■ **GIVEN DATA**:
════════

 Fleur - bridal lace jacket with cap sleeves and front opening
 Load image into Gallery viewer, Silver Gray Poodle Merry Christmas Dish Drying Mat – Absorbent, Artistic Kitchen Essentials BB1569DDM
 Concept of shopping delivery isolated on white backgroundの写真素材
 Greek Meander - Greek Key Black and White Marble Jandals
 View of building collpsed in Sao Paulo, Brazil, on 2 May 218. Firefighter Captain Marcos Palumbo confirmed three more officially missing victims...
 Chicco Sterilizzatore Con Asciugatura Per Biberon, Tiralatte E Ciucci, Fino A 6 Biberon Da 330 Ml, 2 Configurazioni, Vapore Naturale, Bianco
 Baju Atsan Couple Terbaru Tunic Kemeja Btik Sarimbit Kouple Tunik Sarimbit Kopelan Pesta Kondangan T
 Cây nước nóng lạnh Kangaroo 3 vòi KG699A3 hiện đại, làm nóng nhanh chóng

════════

■ **DESCRIPTION OF THE TASK**: The last part of the records is the answer, beginning at the line that holds "Chicco Sterilizzatore Con" and including the final line, repeated exactly.

■ **COMPLETED EXERCISE**:
 Chicco Sterilizzatore Con Asciugatura Per Biberon, Tiralatte E Ciucci, Fino A 6 Biberon Da 330 Ml, 2 Configurazioni, Vapore Naturale, Bianco
 Baju Atsan Couple Terbaru Tunic Kemeja Btik Sarimbit Kouple Tunik Sarimbit Kopelan Pesta Kondangan T
 Cây nước nóng lạnh Kangaroo 3 vòi KG699A3 hiện đại, làm nóng nhanh chóng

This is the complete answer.